Jillian Watkinson (1957 - )
‘Just then the city lights shone out: Each name shone forth as brightest gold; A strange, sweet perfume played about And in my heart crept peace, untold … I felt … warm hands … upon my own … My son … kept tryst … at the Grey Stone.’ ‘Anzac Eve’ Margaret Curran
Jillian Watkinson was born in Brisbane and grew up in rural Queensland.
She has worked as a registered nurse in hospital and community settings and has a degree in Communications and Sociology from the DDIAE (Now USQ). She is active within community groups and the professional development of regional writers.
Her first book The Architect (2000) won the inaugural Queensland Premier's Award for best emerging author. The novel opens with a motorbike accident in which the central character Jules Van Erp is seriously burnt. Van Erp is a multilingual Eurasian with an international artistic reputation and he represents a particular dream of cosmopolitanism as wealth, education, talent, taste, travel and distinction. The architect is also a brilliant photographer, painter, and musician and much of the early interest in the story is related to the challenges which his painful rehabilitation from serious burns poses for his sense of identity.

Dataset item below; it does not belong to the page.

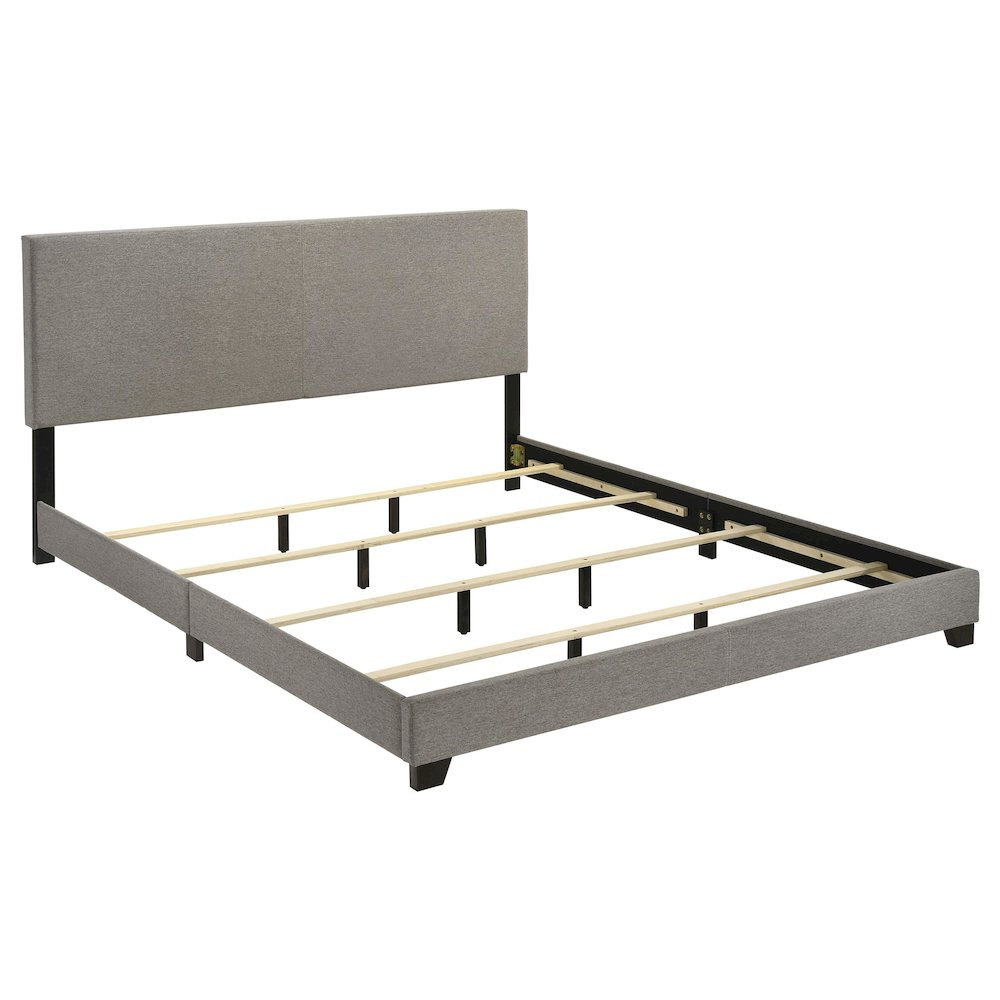 Eastern King panel bed with taupe fabric upholstery and a stylish design by Start2Finish.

The gifted Van Erp's injuries are disfiguring and disabling and new friends and new colleagues become necessary in ways which test his emotional strength and force him to reexamine his sense of himself as artist, lover, father, and friend. Jillian Watkinson has a professional background in medical rehabilitation and Van Erp's psychic drama bears the conviction of this experience.
Her second novel, The Hanging Tree (2004) revisits some of the characters and places of her first novel and is the result of twenty years of story collecting and tracking oral family histories. In the novel, the young narrator moves between the past and the present day as he explores a century of social and political change through the stories of his ethnically mixed rural Queensland family.
This investigative family narrative works as the frame through which a long family history gradually gives up its secrets. A major theme is the effect of the two World Wars and Vietnam on successive generations of young men, the women who loved them and the children they bore. Jan Murray, a young doctor with deep emotional scars of her own is the key to the novel. She lost her own brother to the Vietnam conflict and she has history with a number of the Marsden men.This ideally places her to assist unravelling time, space and relationships in an effort to render a succession of enigmatic characters whole.
Watkinson's experience of the health profession is again put to use in this sprawling novel and a comparison with Dorothy Cottrel's work from earlier in the century allows an interesting measure of just how far the social position of women in this country has shifted.
Christopher Lee, 'Art, Disfigurement and the Pleasures of the Senses'. Rev. of The Architect by Jillian Watkinson, Coppertales 7 (2001): 108-09.